There’s a stigma around this first movement of premium subscriptions and something that I think really interests me. I wanted to explore from an app and a user perspective about how premium is affecting the market.
Here’s the opening segment:
There’s a stigma around paying for applications.
For years, funded start-ups ruled the App Stores with their well-crafted resources layered with freemium for all, in an effort to retain the masses.
Naturally over time, our minds have become attuned to this model.
In the last 24 months, this mindset has shifted with the most popular applications being forced to head towards a paid model to help stabilise their development efforts and growth.
Naturally over time, our minds have become attuned to freemium.
The new default experience has changed the way we think about apps and tools but helped us to understand the sustainability of this ecosystem.

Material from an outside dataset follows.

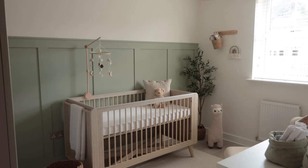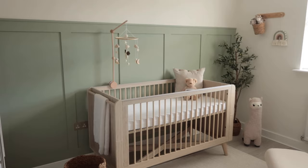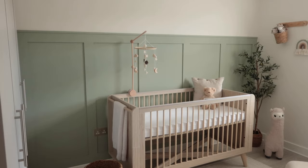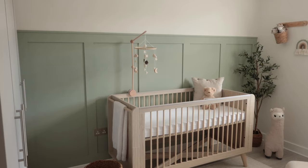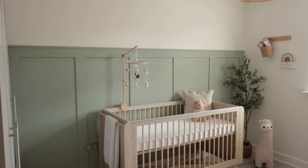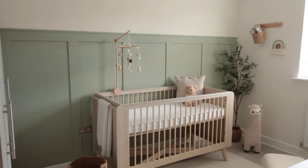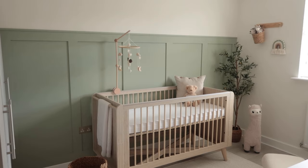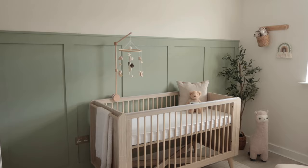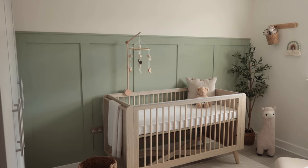I'm going to take you around this room — everything will be linked in the description box. I really wasn't sure about the style or color scheme when it came to this room. I spent so much time on Pinterest looking at different nurseries, gathering ideas, looking at different color schemes. I wanted a room that felt calm and soothing but with a little bit of color — not too beige, but still very calming because I love neutral shades. At the end of the day, a nursery should feel calming.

So how did we arrive here?
The Rise of Premium
It all started with the rise of the App Store.
Steve Jobs announced the iOS App Store back in 2008. One of the momentous launches of Apple, the store became a hub of creativity and talent, with start-ups and businesses flocking for attention on the fresh new marketplace.
This new marketplace introduced a new world for developers to craft applications and sell them to the world. The most popular apps sold between $0.99 and $9.99 with Apple cutting out 30% of the fee to cover the costs of hosting the applications on their platform.
This revolution brought the first wave of one-off fee applications.